Changes to the way sixth forms and further education colleges are funded have left grammar schools struggling to cope, the government has been told.
Kent Conservative MPs Damian Green and Gareth Johnson said the changes had adversely affected grammars disproportionately to other schools.
Mr Green said one school in Ashford, Highworth Grammar, had been forced to cut the number of A-level subjects.
Schools minister Nick Gibb said difficult decisions had had to be made.
Paid per pupil
The MPs were speaking at a debate on grammar school funding.
Sir Edward Leigh, Conservative MP for Gainsborough in Lincolnshire, said changes introduced in 2013 - schools are now paid per pupil rather than by the number of qualifications - had resulted in "unintended consequences".
Mr Green said Highworth Grammar was running A-level classes for German with a class size of 11 and for French and Spanish with class sizes of seven.
"With the financial squeeze that will no longer become viable and that would be appalling," he said.
"Already in this school the A-levels offered have gone down from 40 to 32.
"This one perversity in the system is actually damaging the life chances of some of our most academic children at some of our best schools," he said.

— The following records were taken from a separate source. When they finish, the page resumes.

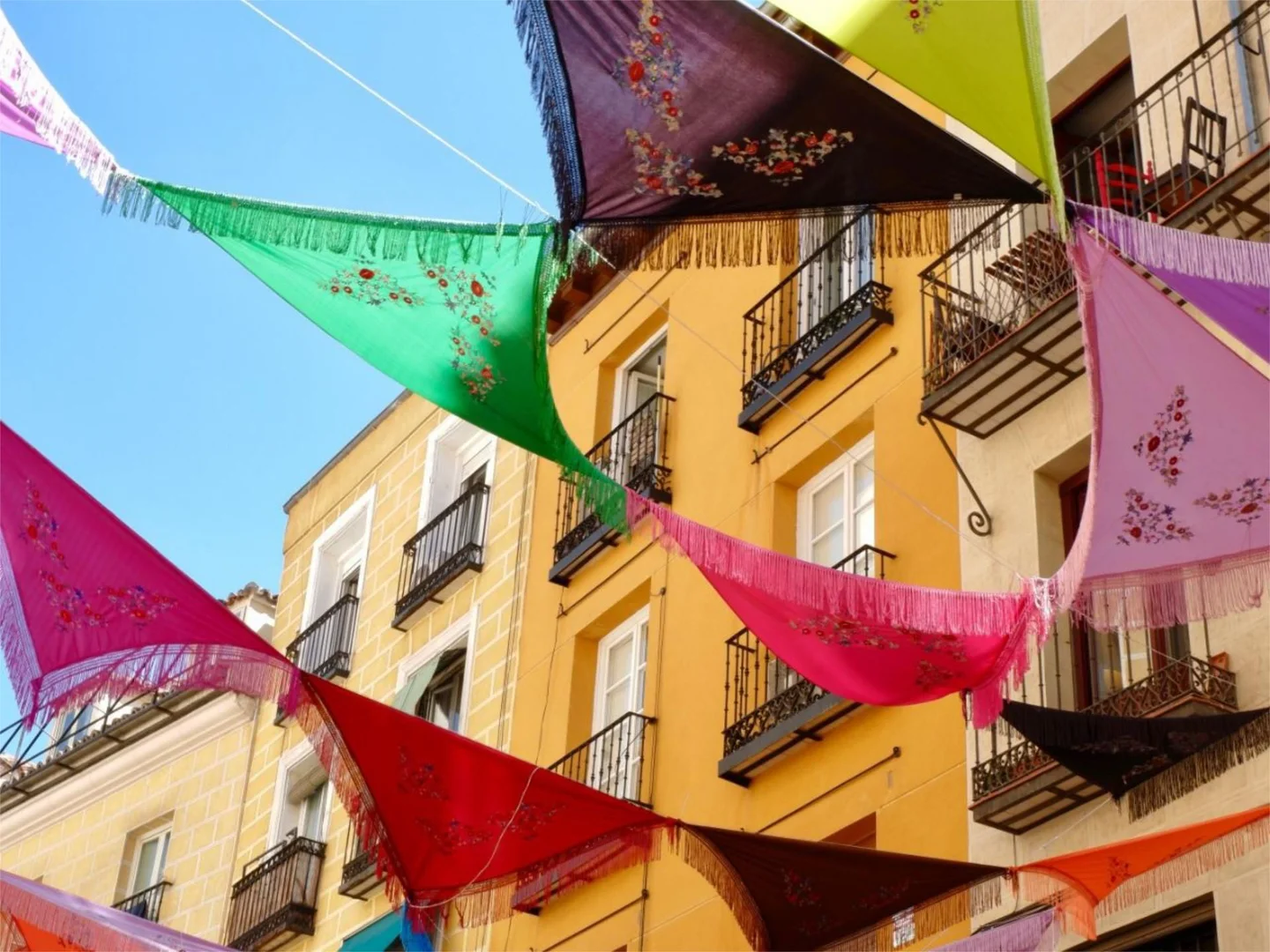 Piso en  Calle de Toledo 38 - Foto 29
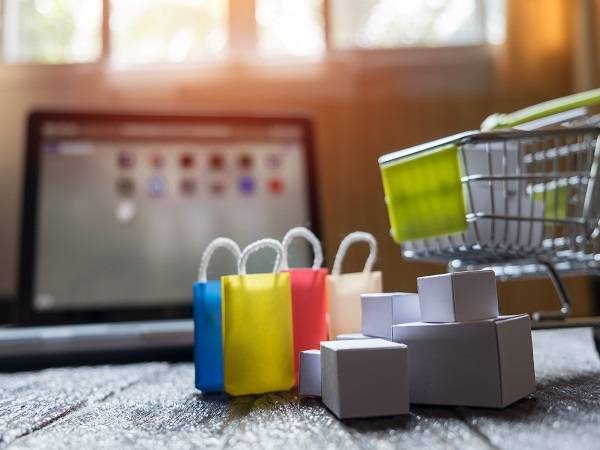 Technoretail - Sviluppata da Giglio Group una nuova strategia per incentivare le vendite on line 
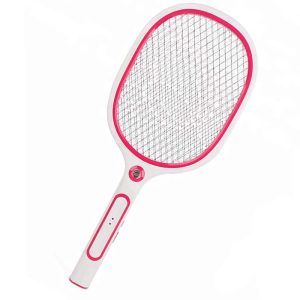 HOME LIVING Mosquito Killer Bat 300x300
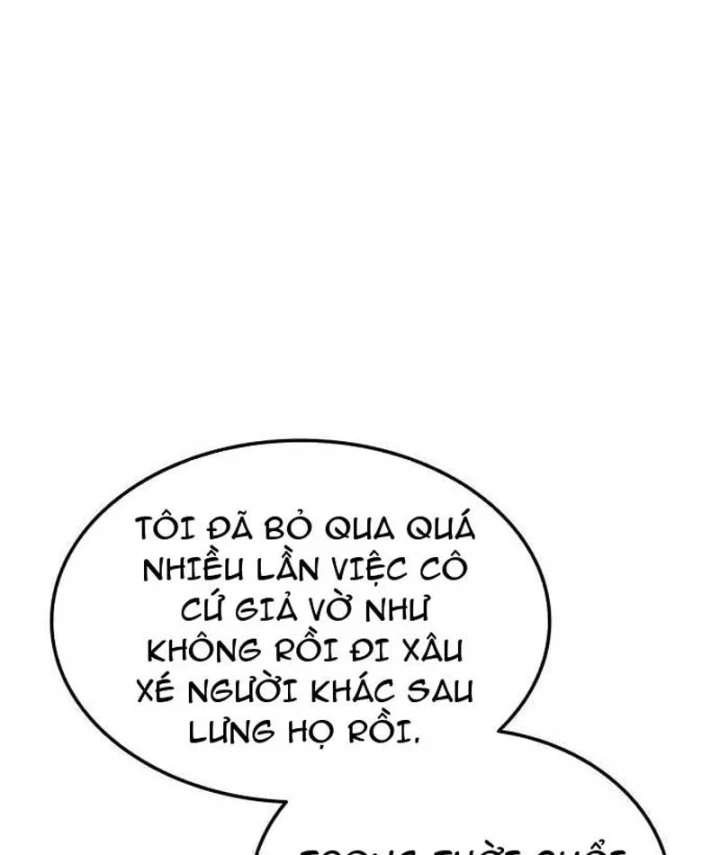 Tôi Sẽ Cho Bạn Biết Bạn Đáng Giá Bao Nhiêu Chapter 23 - 166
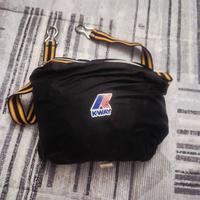 giubotto antivento  K' WAI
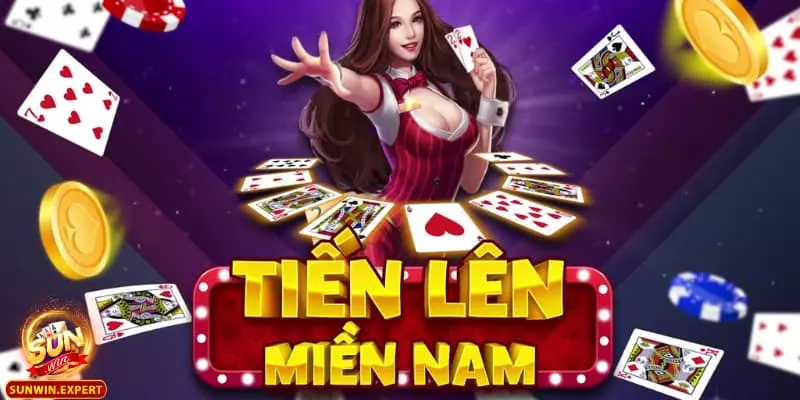 Tiến lên - Giới Thiệu Chi Tiết Về Chơi Hot Nhất Hiện Nay 2 Những nét đặc trưng của game bài tiến lên là gì?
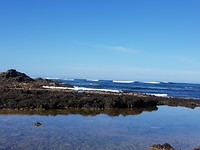 20191219_160032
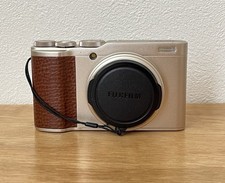 Fujifilm XF10 fotocamera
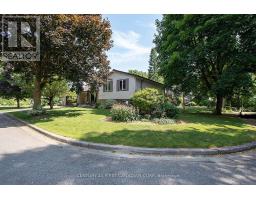 68 NOTTINGHILL CRESCENT - 4
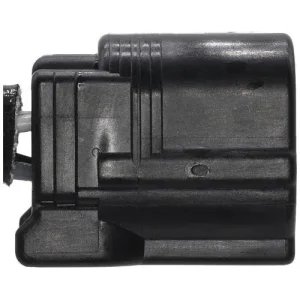 Walker Products Othermotive Oxygen Sensor – 932-14057 - view 4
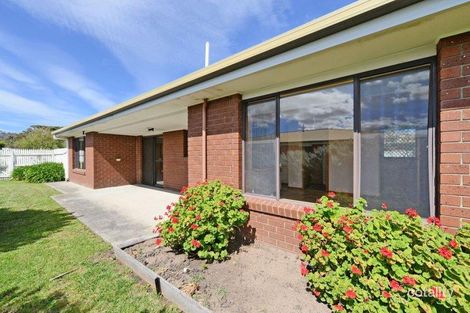 Property photo of 14 Park Street Dowsing Point TAS 7010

John Glen, Conservative MP for Salisbury and South Wiltshire, said there were concerns that the 164 grammar schools in England were being put at risk.

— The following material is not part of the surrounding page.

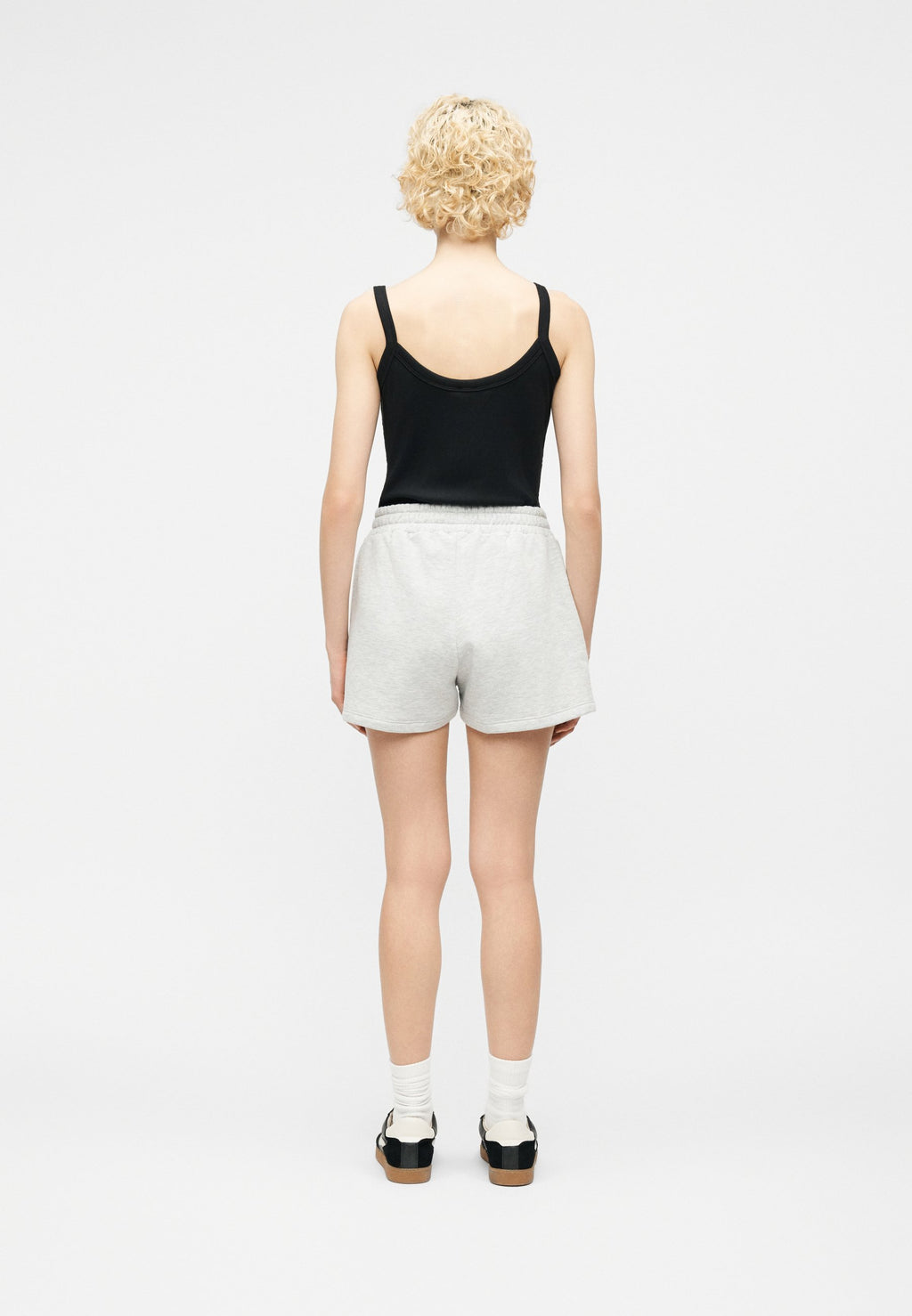 Topshop JULES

Mr Gibb said education reforms had "massively improved" the life chances of millions of children.
But he acknowledged concerns that savings in education had fallen disproportionately on grammar schools and successful comprehensive schools with large academic sixth forms.
He said the aim was to make sure that as many young people as possible left school with the right knowledge and skills to be able to succeed in adult life.